For others, there may not be any obvious trigger as to why they are finding some aspects of school and/or home life difficult.

As well as offering new ways of dealing with challenging behaviour, THRIVE also offers both teaching staff and parents useful approaches to working with and helping any child who is experiencing emotional upheaval, whether short or long term. This is not a quick-fix; it takes time and commitment to see results. However, from research it is clear that early intervention to support children’s needs is the most effective approach to preventing issues becoming more problematic in later life.

How do you know if my child needs support?

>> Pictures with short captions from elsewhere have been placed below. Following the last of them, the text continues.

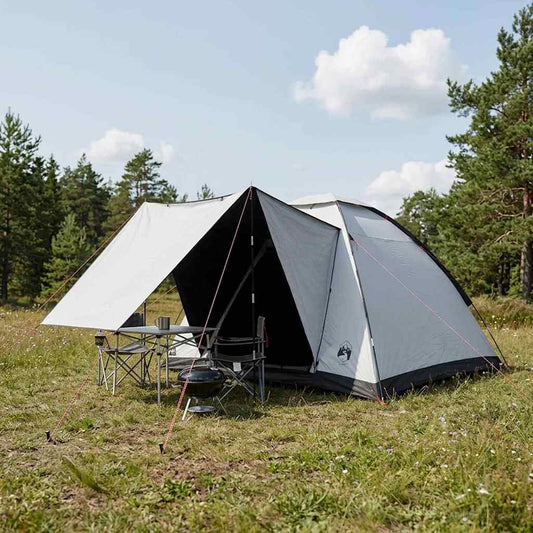 Camping Tent with Roof White Blackout 275 x 215 x 125 cm
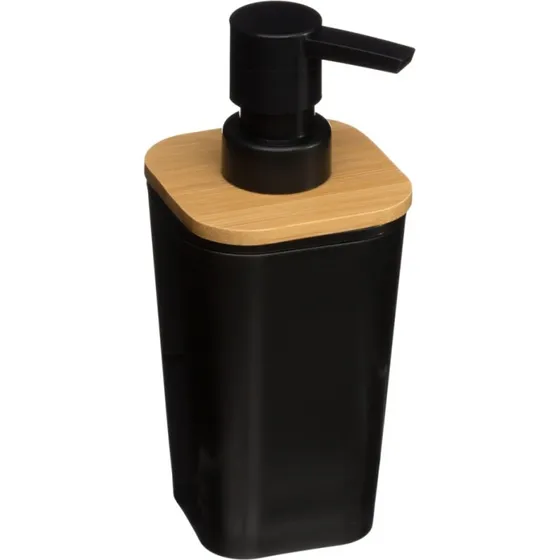 5five Simply Smart Natureo Dozownik na Mydło 200 ml Czarny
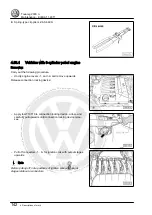 Предварительный просмотр 146 страницы Volkswagen Touareg 2003 Service Manual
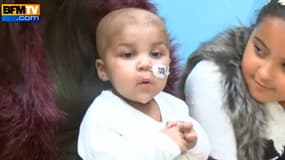 Layla Richards est devenue le premier bébé au monde à guérir d'une leucémie.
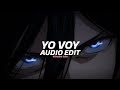 Yo Voy ( tiktok remix )『edit audio』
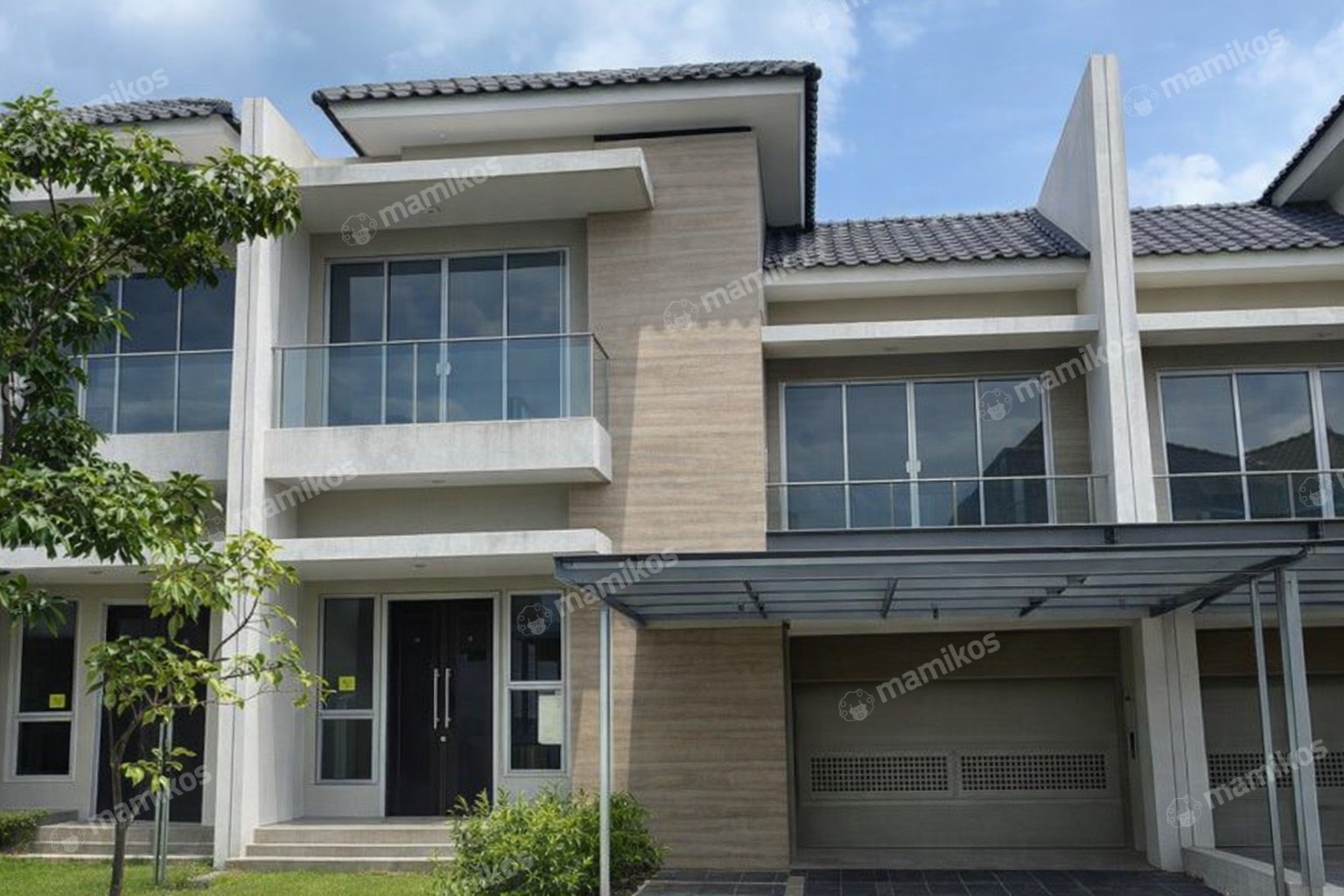 Rumah Sertifikat SHM 3 Kamar Tidur 3 Kamar Mandi Pantai Indah Kapuk Jakarta Utara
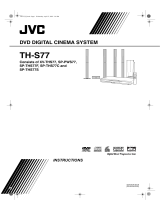 JVC Home Theater System GVT0154-001A User manual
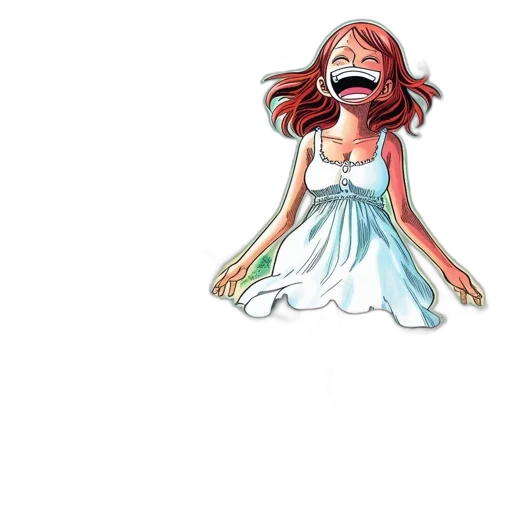 dress, creature, anime, concept art transparent PNG cut-out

A THRIVE assessment helps us to identify emotional developmental needs as early as possible, in order to support and meet those needs on an individual basis. Each year, children are assessed at a whole class level (the assessment isn't a test, it is based on evidence from what we see children do every day).

The assessment then helps us to identify areas for whole-class intervention, group intervention and those who need bespoke support on an individual basis.

What happens if my child needs bespoke support?

A THRIVE Action Plan is a plan of activities tailored to support a child’s identified social and emotional learning targets. The activities are one-to-one and small group play and arts-based activities designed to help the child feel better about themselves; become more resilient and resourceful; form trusting, rewarding relationships; be compassionate and empathetic; and/or  be able to overcome difficulties and setbacks.

Activities might include playing in the sand, cooking, painting, model making, exploring difficult situations through role-play or comic strips, playing strategy games or projects focusing on the child’s own interests. 

Action Plans are shared with parents who are encouraged to do some of the activities at home with their child. 

Action Plans are reviewed regularly to monitor the progress children have made.